- Venue: London Olympic Stadium
- Dates: 5 September
- Competitors: 7 from 3 nations
- Winning time: 1:52.85

Medalists
- 1st place, gold medalist(s):  / Zhou Hongzhuan / China
- 2nd place, silver medalist(s):  / Huang Lisha / China
- 3rd place, bronze medalist(s):  / Jessica Galli / United States

= Athletics at the 2012 Summer Paralympics – Women's 800 metres T53 =

The Women's 800 metres T53 event at the 2012 Summer Paralympics took place at the London Olympic Stadium on 5 September.
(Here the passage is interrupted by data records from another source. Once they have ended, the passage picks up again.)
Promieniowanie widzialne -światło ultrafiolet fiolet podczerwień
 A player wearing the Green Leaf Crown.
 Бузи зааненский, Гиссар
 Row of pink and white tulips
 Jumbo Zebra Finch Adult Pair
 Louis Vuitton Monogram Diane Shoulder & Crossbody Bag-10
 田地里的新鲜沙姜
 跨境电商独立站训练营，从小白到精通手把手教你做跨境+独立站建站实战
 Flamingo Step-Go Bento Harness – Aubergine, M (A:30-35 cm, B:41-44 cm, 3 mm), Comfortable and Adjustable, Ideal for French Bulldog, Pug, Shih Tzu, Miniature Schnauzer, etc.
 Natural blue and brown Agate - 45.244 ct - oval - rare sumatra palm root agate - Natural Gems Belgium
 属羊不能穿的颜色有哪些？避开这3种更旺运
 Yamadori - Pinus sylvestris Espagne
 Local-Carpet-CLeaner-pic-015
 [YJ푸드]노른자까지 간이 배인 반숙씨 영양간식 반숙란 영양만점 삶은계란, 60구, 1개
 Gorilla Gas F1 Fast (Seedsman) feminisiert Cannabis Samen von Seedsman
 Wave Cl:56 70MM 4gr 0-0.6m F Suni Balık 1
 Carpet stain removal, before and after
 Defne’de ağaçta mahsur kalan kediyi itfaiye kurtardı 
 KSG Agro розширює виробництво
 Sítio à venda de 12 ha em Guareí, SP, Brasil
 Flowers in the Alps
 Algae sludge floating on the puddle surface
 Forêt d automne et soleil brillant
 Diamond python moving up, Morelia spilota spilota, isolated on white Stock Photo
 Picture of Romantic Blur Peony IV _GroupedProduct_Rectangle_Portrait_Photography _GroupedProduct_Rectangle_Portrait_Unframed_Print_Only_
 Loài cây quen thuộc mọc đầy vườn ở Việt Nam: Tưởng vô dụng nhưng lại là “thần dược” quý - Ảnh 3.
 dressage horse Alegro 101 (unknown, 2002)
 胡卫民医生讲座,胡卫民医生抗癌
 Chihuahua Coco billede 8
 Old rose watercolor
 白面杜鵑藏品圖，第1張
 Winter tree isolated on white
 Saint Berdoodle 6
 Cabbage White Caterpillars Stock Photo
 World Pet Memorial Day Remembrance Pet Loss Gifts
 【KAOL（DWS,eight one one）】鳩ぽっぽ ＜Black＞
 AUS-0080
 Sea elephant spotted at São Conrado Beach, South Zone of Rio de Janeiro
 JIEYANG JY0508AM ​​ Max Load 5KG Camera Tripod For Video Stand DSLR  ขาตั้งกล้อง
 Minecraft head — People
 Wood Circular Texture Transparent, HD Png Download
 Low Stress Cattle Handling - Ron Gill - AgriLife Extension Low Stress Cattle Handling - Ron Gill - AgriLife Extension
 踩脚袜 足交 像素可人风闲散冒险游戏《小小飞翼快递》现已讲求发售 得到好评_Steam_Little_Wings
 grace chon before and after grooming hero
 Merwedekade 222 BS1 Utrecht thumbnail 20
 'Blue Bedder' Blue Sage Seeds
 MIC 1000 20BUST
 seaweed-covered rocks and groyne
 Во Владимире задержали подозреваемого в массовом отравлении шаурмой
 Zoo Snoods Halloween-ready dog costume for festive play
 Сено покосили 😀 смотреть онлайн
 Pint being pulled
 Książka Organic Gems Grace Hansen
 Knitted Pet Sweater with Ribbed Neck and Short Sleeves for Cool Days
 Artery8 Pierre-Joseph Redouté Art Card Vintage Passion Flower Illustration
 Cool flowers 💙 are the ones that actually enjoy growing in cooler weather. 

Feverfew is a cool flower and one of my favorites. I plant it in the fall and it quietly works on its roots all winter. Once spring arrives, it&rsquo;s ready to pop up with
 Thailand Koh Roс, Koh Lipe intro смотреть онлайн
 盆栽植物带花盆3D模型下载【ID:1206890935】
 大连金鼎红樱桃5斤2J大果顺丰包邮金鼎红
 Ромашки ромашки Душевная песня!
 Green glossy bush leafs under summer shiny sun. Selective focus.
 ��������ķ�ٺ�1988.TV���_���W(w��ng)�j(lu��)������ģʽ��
The event consisted of a single race.

==Records==
Prior to the competition, the existing World and Paralympic records were as follows:

| World record | Jessica Galli (USA) | 1:49.82 | 29 June 2007 | Atlanta, United States |
| Paralympic record | Tanni Grey-Thompson (GBR) | 1:55.12 | 19 August 1996 | Atlanta, United States |
Broken records during the 2012 Summer Paralympics
| Paralympic record | Zhou Hongzhuan (CHN) | 1:52.85 | 5 September 2012 |  |

==Results==

Competed 5 September 2012 at 20:12.

| Rank | Athlete | Country | Time | Notes |
|---|---|---|---|---|
| 1st place, gold medalist(s) | Zhou Hongzhuan | China | 1:52.85 | PR |
| 2nd place, silver medalist(s) | Huang Lisha | China | 1:53.10 | PB |
| 3rd place, bronze medalist(s) | Jessica Galli | United States | 1:53.12 |  |
| 4 | Madison de Rozario | Australia | 1:53.65 |  |
| 5 | Angela Ballard | Australia | 1:53.80 |  |
| 6 | Shirley Reilly | United States | 1:54.18 |  |
| 7 | Amanda McGrory | United States | 1:54.48 |  |

Q = qualified by place. q = qualified by time. PR = Paralympic Record. PB = Personal Best. SB = Seasonal Best.